How to complete this task:
Find each line of the entries with the string "trong", please, and copy it.

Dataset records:
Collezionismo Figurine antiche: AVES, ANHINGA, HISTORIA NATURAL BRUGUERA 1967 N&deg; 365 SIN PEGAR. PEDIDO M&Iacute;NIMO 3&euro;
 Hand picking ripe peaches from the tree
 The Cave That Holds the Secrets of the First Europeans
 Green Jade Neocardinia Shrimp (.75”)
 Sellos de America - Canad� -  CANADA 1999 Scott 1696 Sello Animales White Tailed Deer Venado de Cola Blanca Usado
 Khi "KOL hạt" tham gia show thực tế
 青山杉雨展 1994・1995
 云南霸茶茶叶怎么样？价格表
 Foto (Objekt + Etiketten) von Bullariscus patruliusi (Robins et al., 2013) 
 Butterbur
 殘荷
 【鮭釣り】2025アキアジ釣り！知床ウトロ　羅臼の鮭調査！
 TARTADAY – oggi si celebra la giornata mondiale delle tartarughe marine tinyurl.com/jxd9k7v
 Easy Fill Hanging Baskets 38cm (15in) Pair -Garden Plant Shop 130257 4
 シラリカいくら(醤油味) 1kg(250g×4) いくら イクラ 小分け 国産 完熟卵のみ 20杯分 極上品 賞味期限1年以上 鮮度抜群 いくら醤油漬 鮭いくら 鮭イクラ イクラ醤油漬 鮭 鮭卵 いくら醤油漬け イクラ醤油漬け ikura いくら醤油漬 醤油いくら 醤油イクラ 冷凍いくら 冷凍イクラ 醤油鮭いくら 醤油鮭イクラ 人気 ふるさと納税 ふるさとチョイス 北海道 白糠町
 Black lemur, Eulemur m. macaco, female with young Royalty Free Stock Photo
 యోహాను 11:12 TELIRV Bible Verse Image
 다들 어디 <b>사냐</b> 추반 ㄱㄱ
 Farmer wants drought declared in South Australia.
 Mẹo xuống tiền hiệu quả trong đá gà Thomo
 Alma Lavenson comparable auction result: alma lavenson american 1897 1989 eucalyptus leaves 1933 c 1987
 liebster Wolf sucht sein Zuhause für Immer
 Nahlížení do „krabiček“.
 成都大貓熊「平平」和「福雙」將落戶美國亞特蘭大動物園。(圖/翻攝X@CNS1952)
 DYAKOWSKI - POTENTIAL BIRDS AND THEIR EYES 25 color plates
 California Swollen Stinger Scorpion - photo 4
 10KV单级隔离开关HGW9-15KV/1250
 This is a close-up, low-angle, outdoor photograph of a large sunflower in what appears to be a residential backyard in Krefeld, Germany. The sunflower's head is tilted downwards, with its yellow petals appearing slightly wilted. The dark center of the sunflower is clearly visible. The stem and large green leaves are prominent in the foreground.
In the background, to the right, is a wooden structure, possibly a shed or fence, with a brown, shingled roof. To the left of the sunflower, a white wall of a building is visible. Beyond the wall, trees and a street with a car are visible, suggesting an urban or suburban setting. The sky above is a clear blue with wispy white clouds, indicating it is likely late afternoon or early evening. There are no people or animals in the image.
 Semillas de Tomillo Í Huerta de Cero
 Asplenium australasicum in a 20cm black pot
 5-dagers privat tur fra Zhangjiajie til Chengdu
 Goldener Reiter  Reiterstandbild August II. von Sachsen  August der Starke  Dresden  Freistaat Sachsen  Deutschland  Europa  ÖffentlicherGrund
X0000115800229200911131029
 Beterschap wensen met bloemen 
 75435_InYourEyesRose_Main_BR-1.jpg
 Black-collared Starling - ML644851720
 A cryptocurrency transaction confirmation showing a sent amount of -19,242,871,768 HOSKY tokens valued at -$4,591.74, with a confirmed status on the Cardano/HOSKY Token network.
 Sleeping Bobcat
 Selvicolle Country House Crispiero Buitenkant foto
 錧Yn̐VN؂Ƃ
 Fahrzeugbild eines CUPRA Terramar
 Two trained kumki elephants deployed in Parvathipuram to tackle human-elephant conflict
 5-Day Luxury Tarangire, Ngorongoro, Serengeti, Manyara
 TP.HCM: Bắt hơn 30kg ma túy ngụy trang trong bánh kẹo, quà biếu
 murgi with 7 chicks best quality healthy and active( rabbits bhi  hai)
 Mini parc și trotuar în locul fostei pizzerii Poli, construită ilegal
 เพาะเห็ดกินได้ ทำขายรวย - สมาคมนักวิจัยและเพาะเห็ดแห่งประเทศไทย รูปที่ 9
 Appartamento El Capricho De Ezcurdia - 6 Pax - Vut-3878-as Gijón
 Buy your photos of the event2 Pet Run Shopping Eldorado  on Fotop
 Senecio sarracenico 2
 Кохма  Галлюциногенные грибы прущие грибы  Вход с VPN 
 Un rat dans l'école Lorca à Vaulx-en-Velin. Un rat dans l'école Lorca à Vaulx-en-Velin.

Solution to this exercise:
 Mẹo xuống tiền hiệu quả trong đá gà Thomo
 TP.HCM: Bắt hơn 30kg ma túy ngụy trang trong bánh kẹo, quà biếu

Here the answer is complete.